Л. Н. Толстой в воспоминаниях современников. Том 1 - стр. 31
Сцена в редакции могла быть вызвана его раздражением против всего петербургского, но скорее всего – его склонностью к противоречию. Какое бы мнение ни высказывалось и чем авторитетнее казался ему собеседник, тем настойчивее подзадоривало его высказать противоположное и начать резаться на словах. Глядя, как он прислушивался, как всматривался в собеседника из глубины серых, глубоко запрятанных глаз и как иронически сжимались его губы, он как бы заранее обдумывал не прямой ответ, но такое мнение, которое должно было озадачить, сразить своею неожиданностью собеседника. Таким представлялся мне Толстой в молодости. В спорах он доходил иногда до крайностей. Я находился в соседней комнате, когда раз начался у него спор с Тургеневым; услышав крики, я вошел к спорившим. Тургенев шагал из угла в угол, выказывая все признаки крайнего смущения; он воспользовался отворенною дверью и тотчас же скрылся. Толстой лежал на диване, но возбуждение его настолько было сильно, что стоило немало трудов его успокоить и отвезти домой. Предмет спора мне до сих пор остался незнаком[142]…
А. А. Фет
Из книги «Мои воспоминания»
Еще до моей поездки в Париж[143] Ап. Григорьев познакомил меня с весьма милой девушкой, музыкантшей в душе – Екатериной Сергеевной Протопоповой, вышедшей впоследствии замуж тоже за пианиста и композитора Бородина. В то время все увлекались Шопеном, и Екатерина Сергеевна передавала его мазурки с большим мастерством и воодушевлением. Когда я женился, Екатерина Сергеевна, полюбивши жену мою, стала часто навещать нас. В то же время Ап. Григорьев ввел к нам в дом весьма талантливого скрипача, которого имени в настоящее время не упомню, но про которого он говорил, что это «кузнечик-гуляка, друг кузнечика музыканта».

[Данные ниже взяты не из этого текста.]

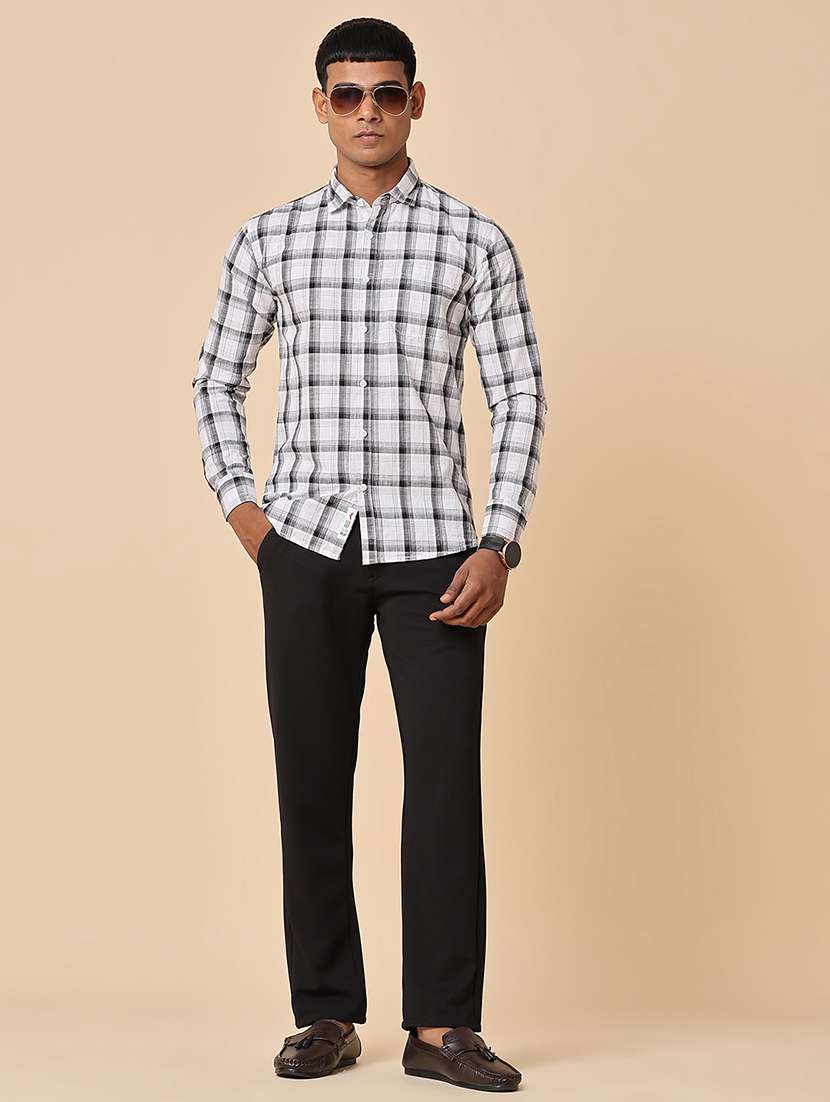 men solid mid rise flat front formal trouser - 22336785 -  Standard Image - 5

Таким образом, у нас иногда по вечерам составлялись дуэты, на которые приезжала пианистка и любительница музыки графиня М. Н. Толстая, иногда в сопровождении братьев – Николая и Льва[144] – или же одного Николая, который говорил:
– А Левочка опять надел фрак и белый галстук и отправился на бал.
Днем я прилежно был занят переводами из Шекспира, стараясь в этой работе найти поддержку нашему скромному бюджету, а вечера мы почти безотлучно проводили в нашей чайной. Тут граф Николай Николаевич Толстой, бывавший у нас чуть не каждый вечер, приносил с собою нравственный интерес и оживление, которые трудно передать в немногих словах. В то время он ходил еще в своем артиллерийском сюртуке, и стоило взглянуть на его худые руки, большие, умные глаза и ввалившиеся щеки, чтобы убедиться, что неумолимая чахотка беспощадно вцепилась в грудь этого добродушно-насмешливого человека.